A molecular biologist and field ecologist, Ms. Larson uses poetry to meld the left-brain world of science with the more intuitive region of poetry. “The disciplines are disparate [but] they come together at a point of inspiration.”

Both science and poetry demand a willingness to work “in the zone of not knowing the story.” And both science and poetry demand rigor, Ms. Larson said. While poetry may seem like a stream-of-consciousness exercise in catharsis, for her it takes long hours of craft and revision. 

It’s a discipline that yields practical results for Ms. Larson when she’s training budding scientists, because it allows her to harness the power of metaphor.

“How else can you explain the unknown in terms of the known?”

Being a scientist certainly informs Ms. Larson’s poetry. Most of her poems touch on nature, and she admits to an over-weaning fondness for writing about cephalopods. It also gives her professional freedom.

“Working in science has allowed me to have poetry as my vocation. It has allowed me the space to risk and experiment without having to worry about health insurance.”

The pursuit of science has also helped Ms. Larson cultivate a powerful attention to the sensory detail, noted Linda Gregerson, 2003 Kingsley Tufts award-winner and chair of the Tufts jury.

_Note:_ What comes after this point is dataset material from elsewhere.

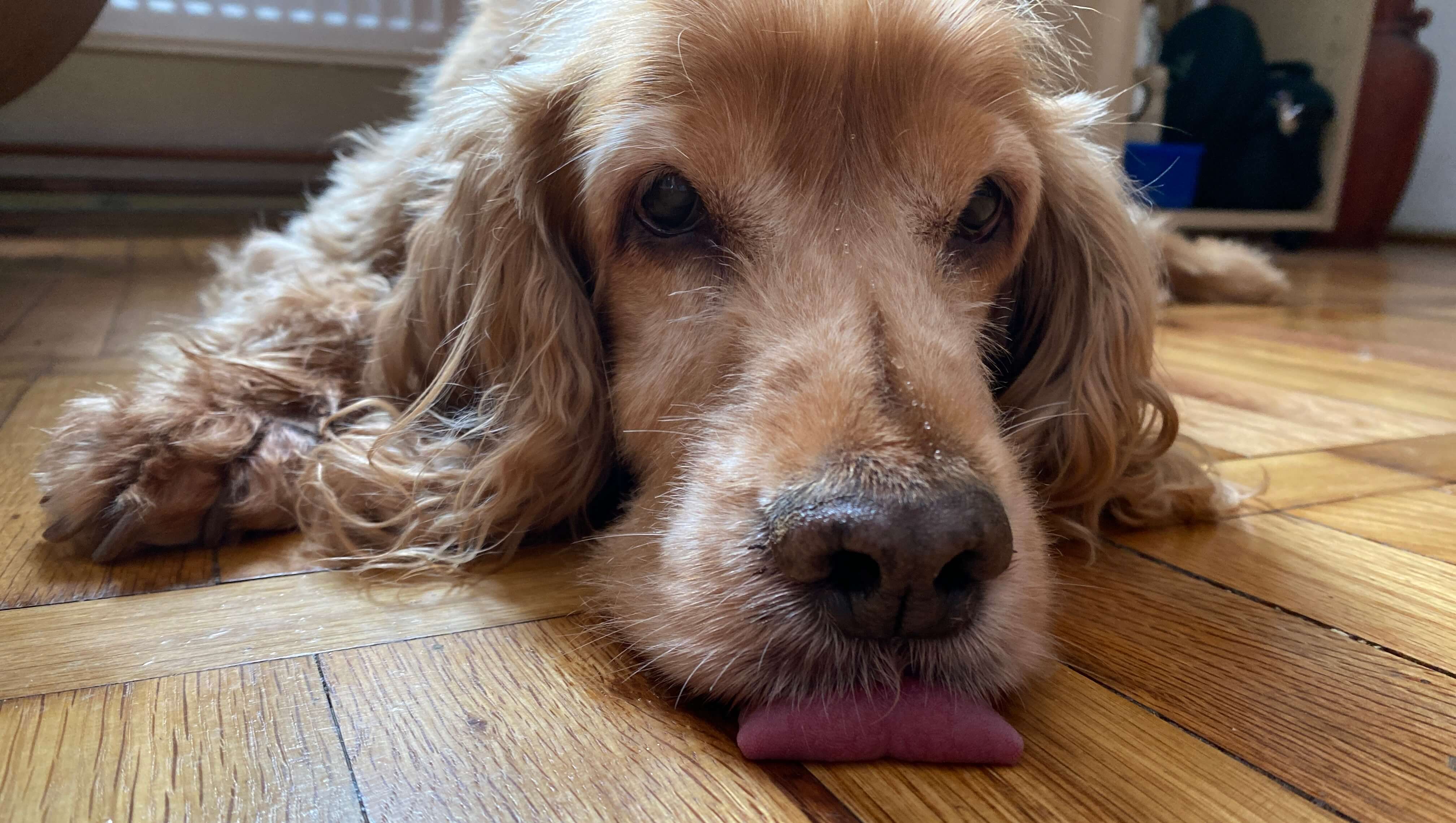 A brown cocker spaniel lying on the floor, its tongue sticking out slightly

“I am absolutely convinced that the combination of work she does in the world is absolutely central to her luminous attentiveness,” Ms. Gregerson said while presenting the 2012 Kate Tufts prize. “We often imagine wonder as a quality we have to lose. [Ms. Larsen’s] work is a stunning reminder that wonder can be a cultivated skill.”

Ms. Larson’s “Love at thirty-two degrees” is an image-rich example of what happens when scientific inquiry collides with the human urges for love and meaning.

“Last night I threw my lab coat in the fire/& drove all night through the Arizona desert/with a thermos full of silver tequila/It was the last of what we bought/on our way back from Guadalajara—/desert wind in the mouth, your mother’s/beat-up Honda, agaves/twisting up from the soil/like the limbs of cephalopods.”

Having completed her first book of poetry, Ms. Larson feels more ready than ever to embrace her calling as a poet. The mother of an 11-month-old, she divided her recent maternity leave between caring for her baby and writing new poems. The time spent wholly as poet, and the recognition of the Kate Tufts award jury have infused her with a greater sense of purpose as a writer. 

 “It’s clear to me that writing is so much a part of my being in the world,” she said. “When I’m writing I’m more alive.”